Every line below from the one containing "O ex-presidente Jair" through the one containing "Snapshot of Tamil_Sreesha" is to be printed exactly, with the pictures omitted.

(Beginning of Data extracts)

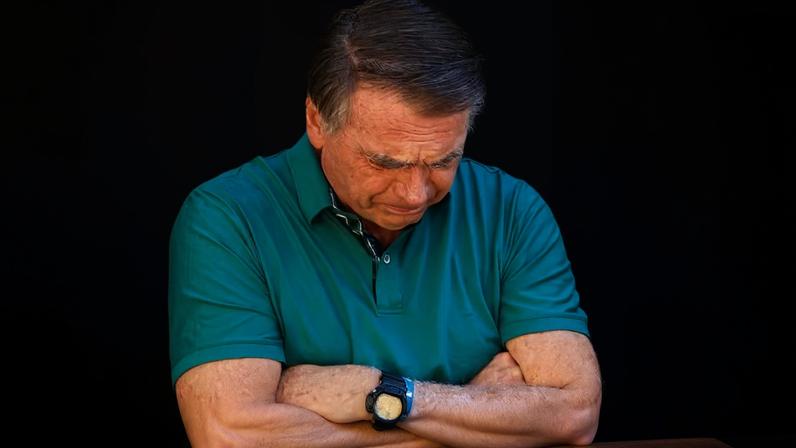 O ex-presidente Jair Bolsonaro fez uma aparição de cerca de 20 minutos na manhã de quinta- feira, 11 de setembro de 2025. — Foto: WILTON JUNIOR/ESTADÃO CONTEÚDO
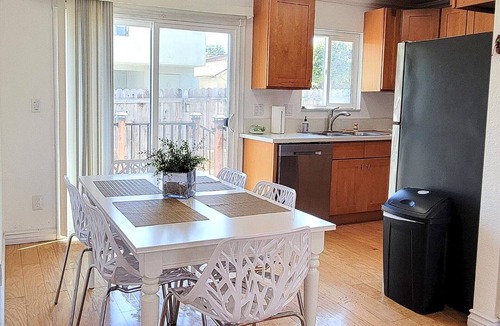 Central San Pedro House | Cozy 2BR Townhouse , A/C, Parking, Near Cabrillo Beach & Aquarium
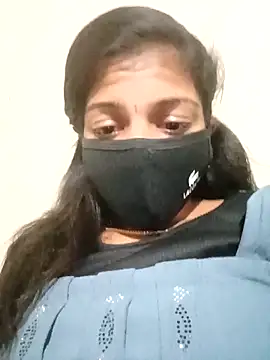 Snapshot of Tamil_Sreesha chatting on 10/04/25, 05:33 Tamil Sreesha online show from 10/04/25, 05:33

(End of Data extracts)
(Beginning of Data extracts)

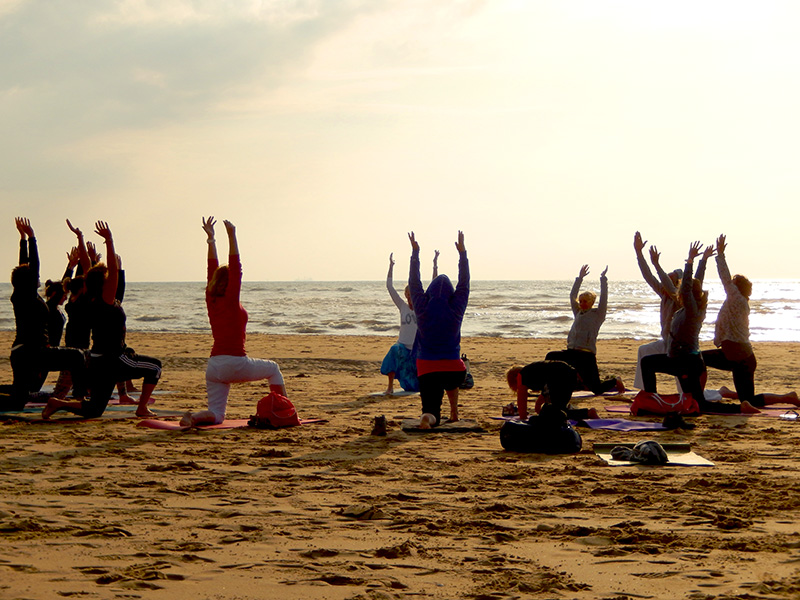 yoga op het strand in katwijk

(End of Data extracts)

Exercise answer
 O ex-presidente Jair Bolsonaro fez uma aparição de cerca de 20 minutos na manhã de quinta- feira, 11 de setembro de 2025. — Foto: WILTON JUNIOR/ESTADÃO CONTEÚDO
 Central San Pedro House | Cozy 2BR Townhouse , A/C, Parking, Near Cabrillo Beach & Aquarium
 Snapshot of Tamil_Sreesha chatting on 10/04/25, 05:33 Tamil Sreesha online show from 10/04/25, 05:33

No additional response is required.